3.2 Multi-lifespan Strategy — 多壽命策略

The core innovation is the multi-lifespan management of dictionary atoms. We partition the dictionary into three groups: (1) permanent atoms initialized from the first frame that are never replaced, preserving the original target appearance; (2) long-lifespan atoms that are updated slowly with a large decay factor, capturing gradual appearance changes such as illumination drift; and (3) short-lifespan atoms that are frequently replaced with recent observations, handling rapid appearance changes such as pose variation. The combination of these three temporal scales ensures that the dictionary retains memory of the original target while remaining adaptive to both slow and fast appearance changes. The replacement strategy for short-lived atoms prioritizes atoms with the lowest activation frequency.

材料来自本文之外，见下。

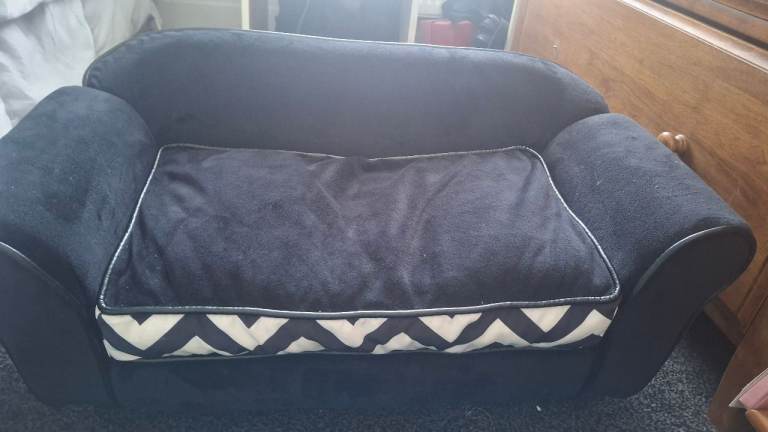 Pet sofa pawhut dog cat chair pet furniture 
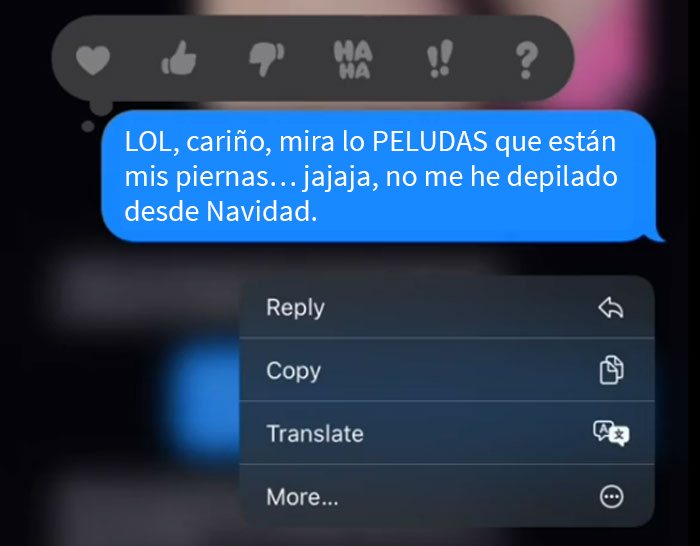 Esta mujer le envi&oacute; a su novio una foto de sus piernas peludas para re&iacute;rse un poco, y &eacute;l la humill&oacute; por ello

核心創新在於字典原子的多壽命管理。我們將字典劃分為三組：(1) 永久原子——從第一幀初始化且永不替換，保留原始目標外觀；(2) 長壽命原子——以大衰退因子緩慢更新，捕捉如光照漂移等漸進的外觀變化；(3) 短壽命原子——頻繁以近期觀測替換，處理如姿態變化等快速的外觀變化。這三種時間尺度的結合確保字典保留對原始目標的記憶，同時對緩慢與快速的外觀變化均保持自適應性。短壽命原子的替換策略優先替換啟動頻率最低的原子。

段落功能核心創新——描述三級壽命的字典管理機制。

邏輯角色此段是全文論證的支柱：三級壽命（永久/長期/短期）精確對應了三種外觀變化類型（無變化/漸變/劇變）。這種設計將直覺性的「穩定 vs. 靈活」對立，轉化為可操作的技術方案。

論證技巧 / 潛在漏洞三級分區設計的邏輯清晰且有直覺合理性。但三組之間的大小比例如何設定（各幾個原子？）、衰退因子的具體數值如何選擇——這些超參數可能需要針對不同場景進行調整。啟動頻率作為替換標準假設低頻原子不重要，但在遮擋恢復時，低頻但有價值的原子可能被錯誤替換。

4. Experiments — 實驗

We evaluate on ten challenging video sequences widely used in the tracking community, covering scenarios with heavy occlusion (FaceOcc, Girl), illumination change (Car4, David), fast motion (Deer, Jumping), and background clutter (Singer, Football). We compare against eight state-of-the-art trackers including IVT, L1-tracker, MIL, OAB, SemiBoost, FragTrack, TLD, and VTD. Using both center location error (CLE) and overlap rate as metrics, our method achieves the best average performance across all sequences. On the occlusion-heavy sequences, our method shows particularly strong robustness — the permanent atoms prevent catastrophic drift after occlusion recovery. Ablation studies confirm that removing any lifespan group (permanent, long, or short) degrades performance, validating the necessity of the three-level temporal hierarchy.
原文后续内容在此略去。